Obviously in one sense these are startlingly modern comics. People call each other on cellphones and the slang appears (granted, I am not up on teen trends even 13 years ago) more relevant. Uncle Ben is an aging dude with a ponytail who reminisces at one point about his experiences in a commune. It's kind of odd, but it makes sense; if the guy is roughly 55 in 2000, then he could easily have been a hippie in the late 1960s.
And the comics are largely interested in establishing the current continuity. Peter always knew Mary Jane, she was his boyhood crush, Norman Osborne is a billionaire biochemist at whose plant Peter is bit by the spider, etc. Indeed, if we look at these comics and the first Spiderman movie featuring Tobey Maguire a couple of years later, it looks like Sam Raimi borrowed more from USM than from ASM.
But at the same time, these are basically Silver Age comics in that they re-imagine those early stories in an updated fashion. The opening sequence (as in Lee & Ditko's intro years ago) shows us that Peter Parker is a much put-upon young lad:
But despite much more hazing, we also see that Peter isn't a tattletale. He suffers the slings and arrows and french fries of outrageous fortune stoically.

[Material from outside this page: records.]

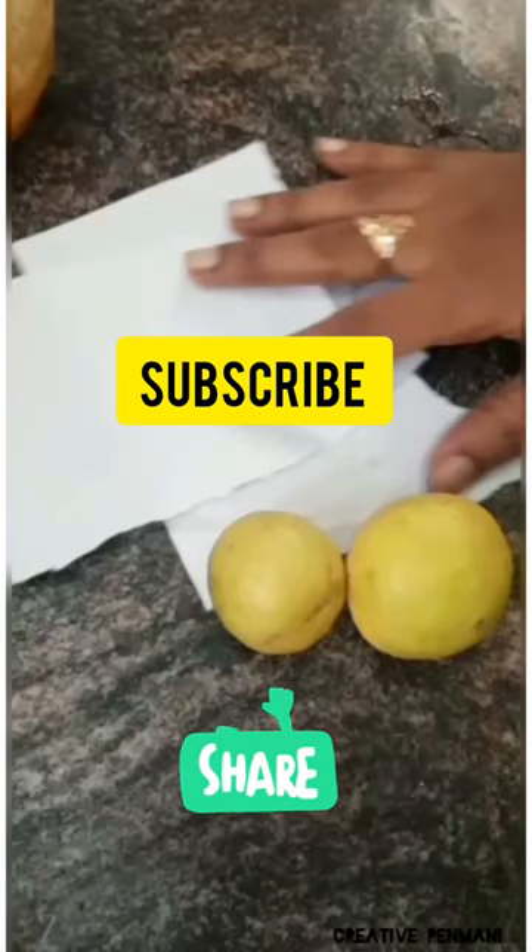Hello friends, welcome to Creative Inman channel. Please subscribe to our channel. I'm going to give you an easy tip.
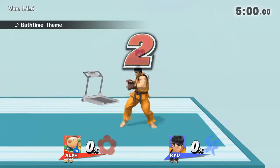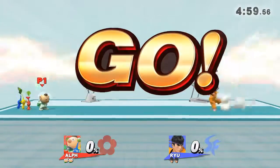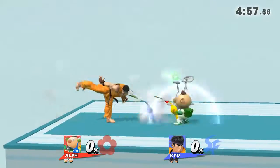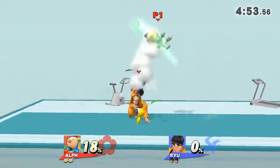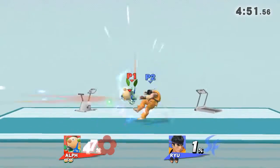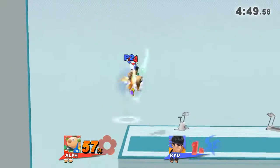3, 2, 1, GO! Watch the flow of my movements as I demonstrate.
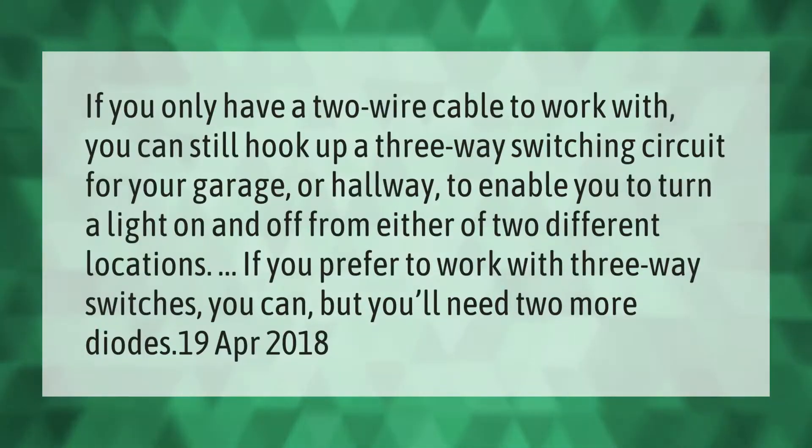If you only have a two-wire cable to work with, you can still hook up a three-way switching circuit for your garage or hallway, to enable you to turn a light on and off from either of two different locations. If you prefer to work with three-way switches you can, but you'll need two more diodes.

As is typical of modern comics, the story takes much longer to develop. In Amazing Fantasy #15, Peter gets bitten, discovers his new powers, becomes a wrestler, fails to stop the crook, discovers Uncle Ben's death and catches the Burglar all in a startlingly compact 11 pages. This first issue has 42 pages of story and art and we only get to the point where Peter is starting to understand the transformation that has hit him.
And yet, it does not seem padded. Part of that is because there is a fair amount of groundwork being laid for future stories. We see that Norman Osborne is aware that Peter was bitten by the spider. Initially, it appears that Peter will eventually die from the bite, and so Norman orders him killed. (Not terribly likely, by the way; what billionaire would care if a teen's guardians sued him for a million or so?) But when Peter displays his extraordinary talents in avoiding getting run down by a car, Osborne calls off the hitman. It is obvious that he is going to pay close attention to Mr Parker. We also learn that Otto Octavius (aka Doc Ock) is one of Osborne's employees.
And some events are shifted around in time. For example, Peter's big fight with Flash Thompson, which didn't come until ASM #8, is a highlight of the second issue:
One oddball note: In this series, Mary Jane is not the airhead party girl that we knew and loved in the 1960s. Instead, she's Brainy Janey. Initially this bothered me, but it does make more sense. Would Peter really settle down with a gal who was so obviously his intellectual inferior? Granted, she was gorgeous, but at some point you have to talk to each other, and Peter would not find her vapid responses terribly satisfying.
Overall, I very much enjoyed these first two issues and intend on reading more, although I doubt I will continue to post on them.